_YOUR OBJECTIVE:_ The lines to copy run from the one containing "Valencia Basket - CSKA Moscú" to the end of the listing. Please write them out exactly, minus the pictures.
○ ○ ○
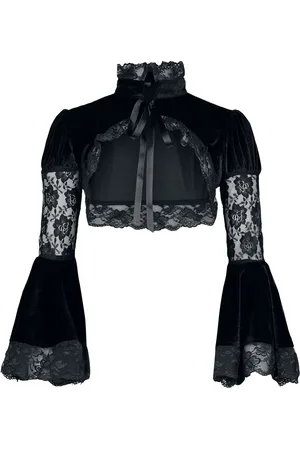 Gothicana Gootti Bolero - S- XXL - varten Naiset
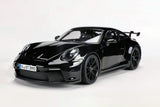 Maisto 1/18 scale 2022 Porsche 911 GT3 Black Special Edition Series 1/18 Diecast Model Car 31458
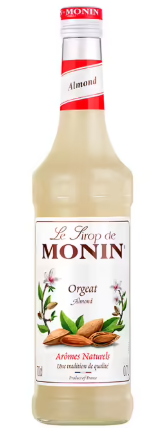[MON1ORGE-VERR-0700-0001] MONIN Sirop Goût Orgeat
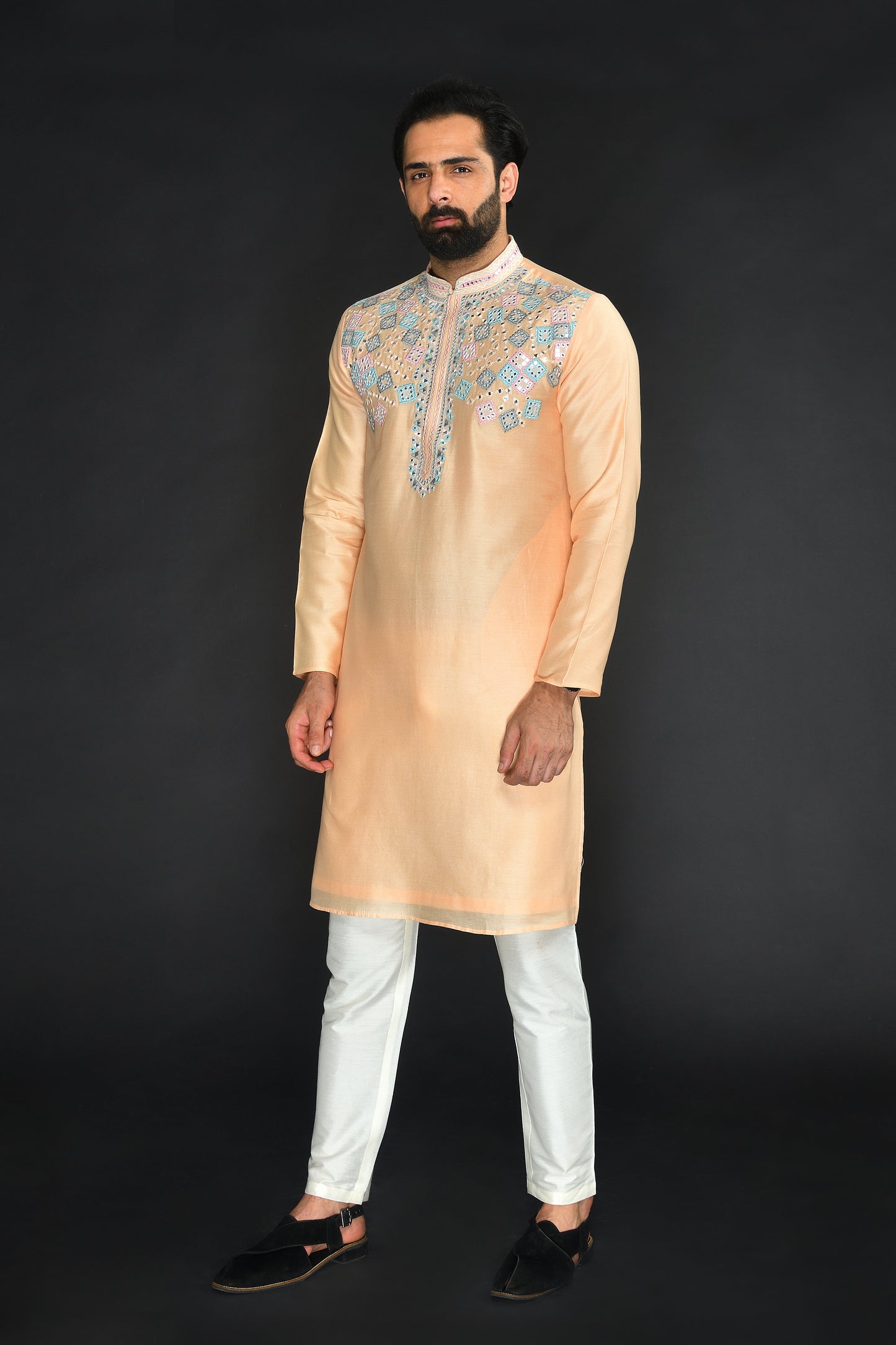 KURTA WITH CHURIDAR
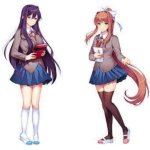 The Literature Club Girls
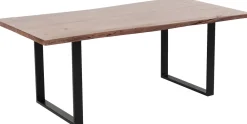 KARE Tisch Harmony Dunkel Schwarz 180x90 Clearance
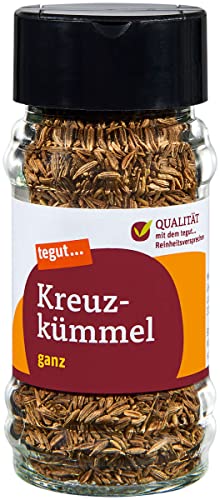 tegut... Kümmel ganz Gewürz, 1 x 45 g von tegut…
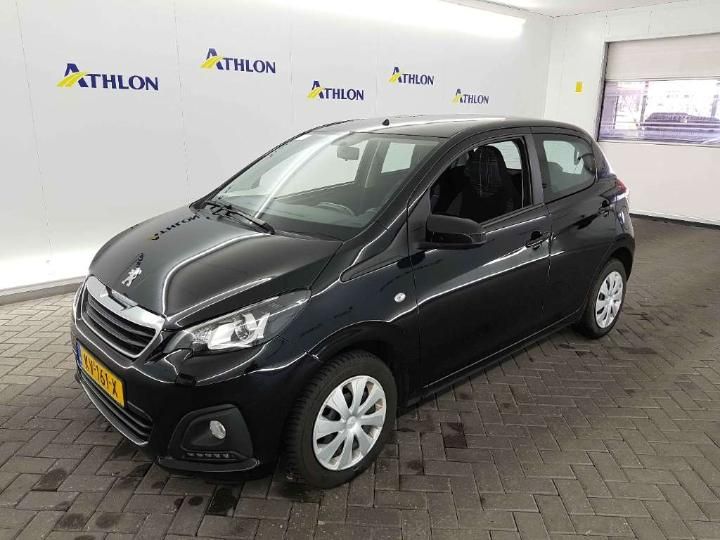 PEUGEOT 108 2016 vf3pscfb3gr129094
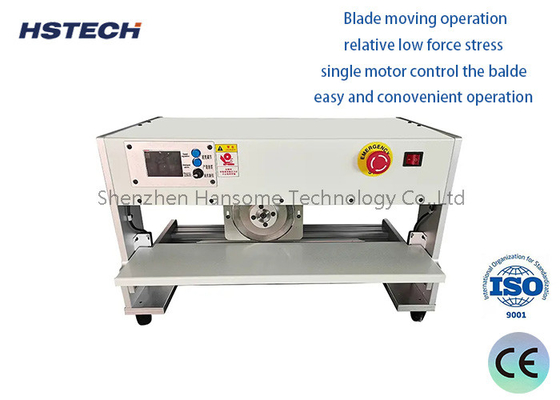 良い価格 Blade Moving 600mm 切断長 V切断PCB分離機 オンライン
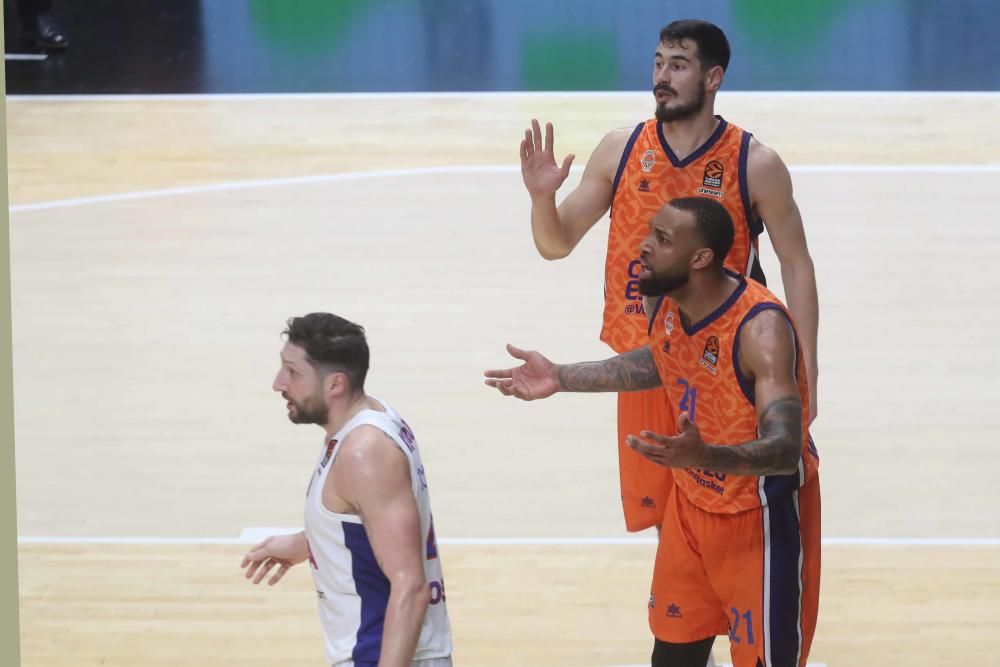 Valencia Basket - CSKA Moscú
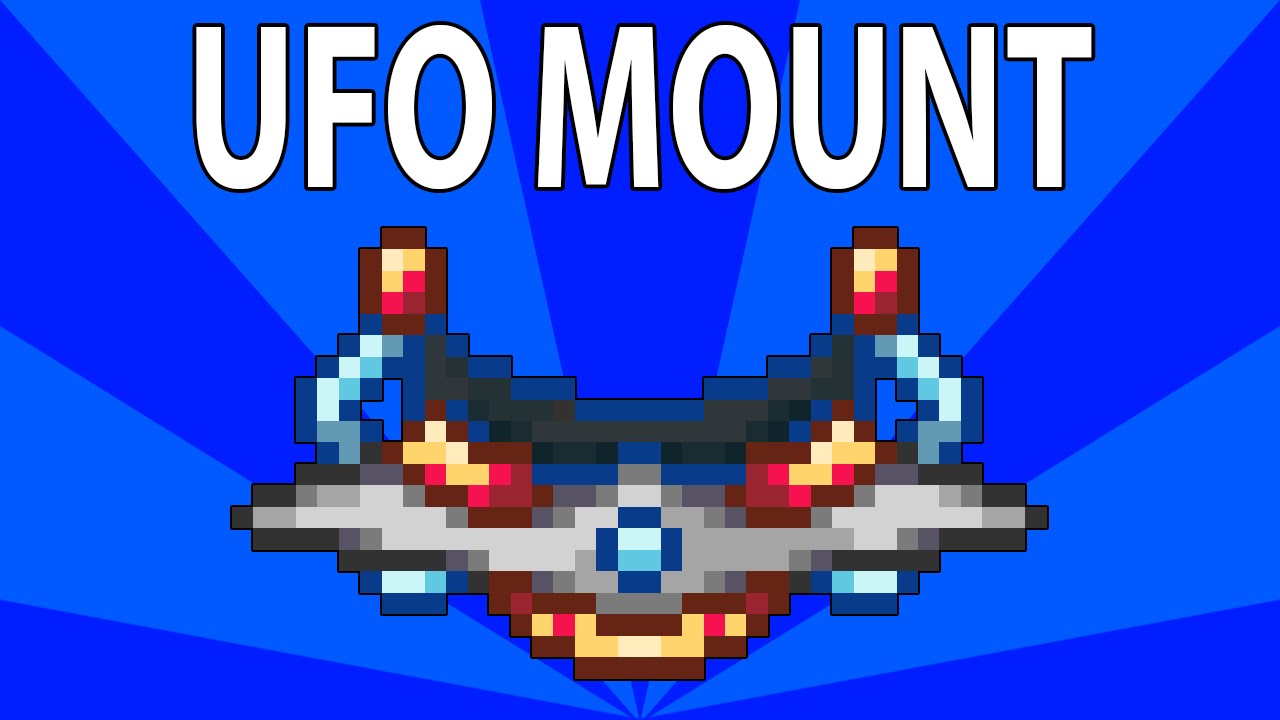 Poradnik Terraria 1.3 - UFO Mount (Cosmic Car Key)
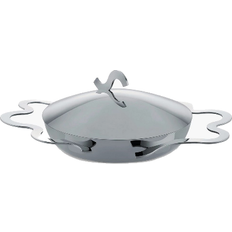 Acero Inoxidable Sartenes para huevos Alessi Tegamino con tapa 17.4 cm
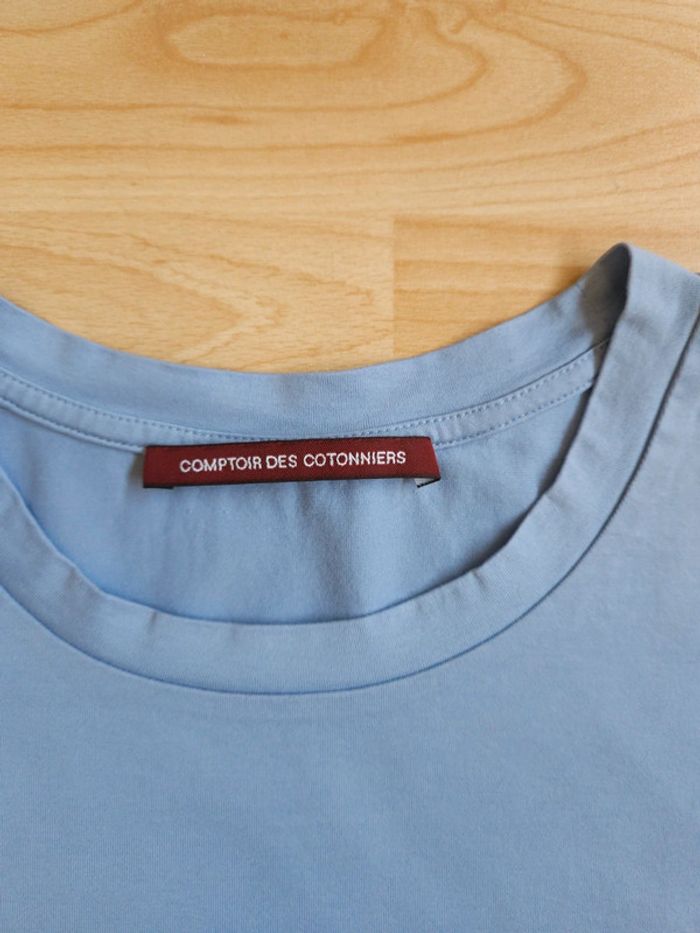 Tee-shirt comptoir des cotonniers S - photo numéro 4
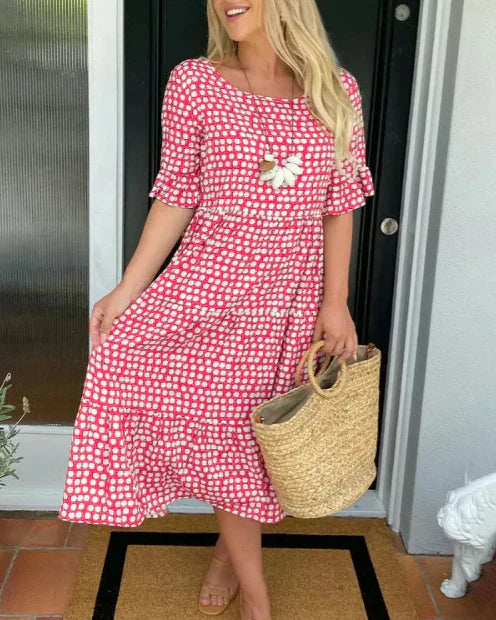 Marianne | Charming Dot Dress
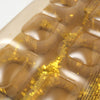 SUNNYLIFE Gold Color Inflatable Retro Lie-On Disco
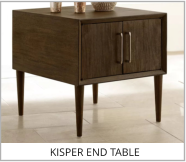 Kisper End Table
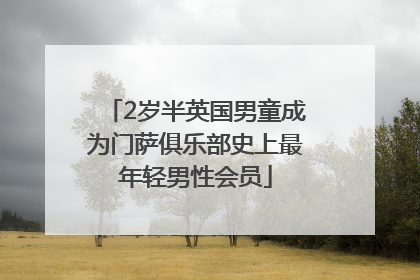 2岁半英国男童成为门萨俱乐部史上最年轻男性会员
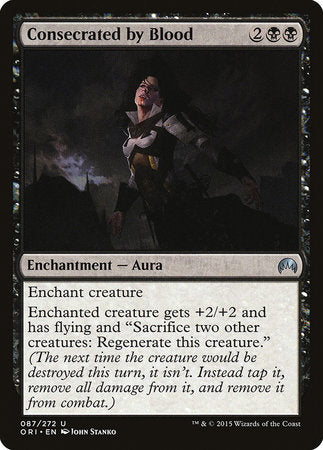 Consecrated by Blood [Magic Origins] | Exor Games Truro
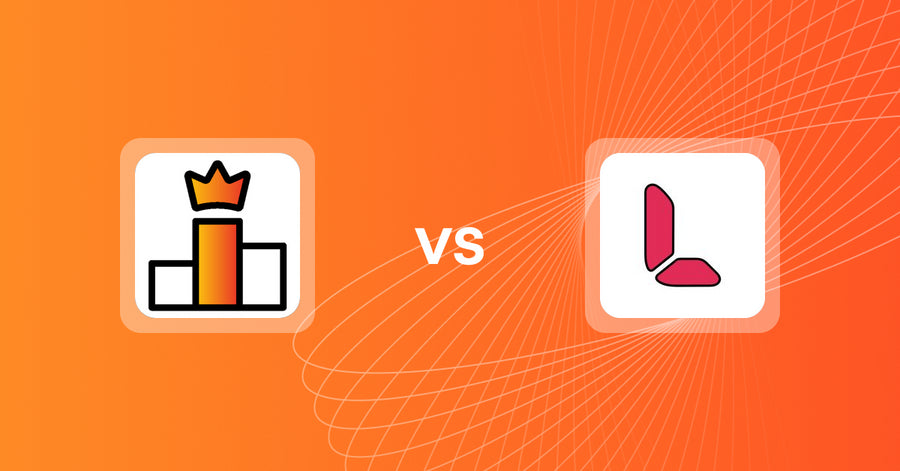Shopify Upsell and Cross-sell Apps: Rank King: Best Seller Ranking vs Libautech: Smart Upsell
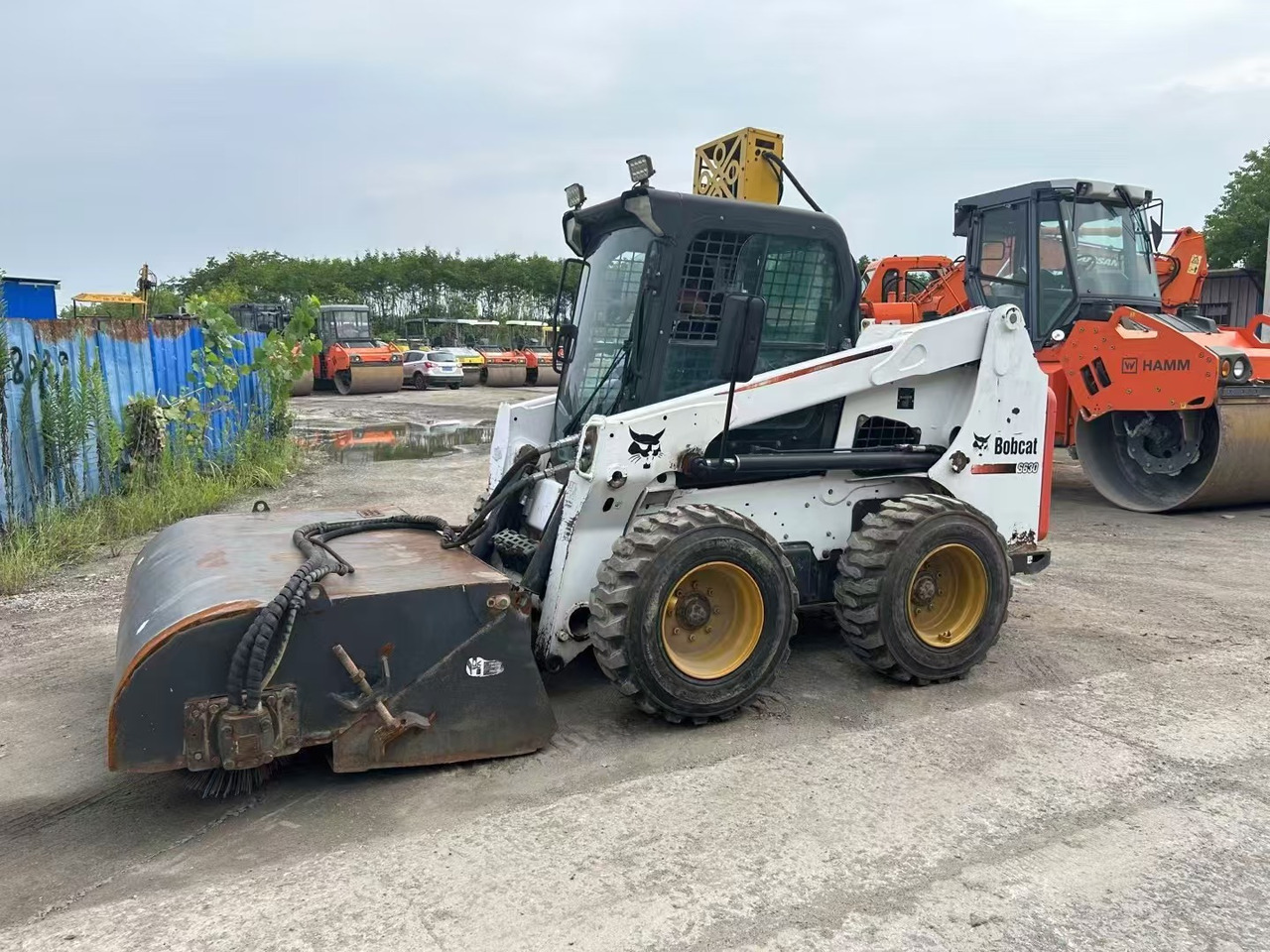 BOBCAT S630 - Minicargadora: foto 1 BOBCAT S630 - Minicargadora: foto 1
○ ○ ○
_RESPONSE TO THE EXERCISE:_
 Valencia Basket - CSKA Moscú
 Poradnik Terraria 1.3 - UFO Mount (Cosmic Car Key)
 Acero Inoxidable Sartenes para huevos Alessi Tegamino con tapa 17.4 cm
 Tee-shirt comptoir des cotonniers S - photo numéro 4
 Marianne | Charming Dot Dress
 SUNNYLIFE Gold Color Inflatable Retro Lie-On Disco
 Kisper End Table
 2岁半英国男童成为门萨俱乐部史上最年轻男性会员
 Consecrated by Blood [Magic Origins] | Exor Games Truro
Shopify Upsell and Cross-sell Apps: Rank King: Best Seller Ranking vs Libautech: Smart Upsell
 BOBCAT S630 - Minicargadora: foto 1 BOBCAT S630 - Minicargadora: foto 1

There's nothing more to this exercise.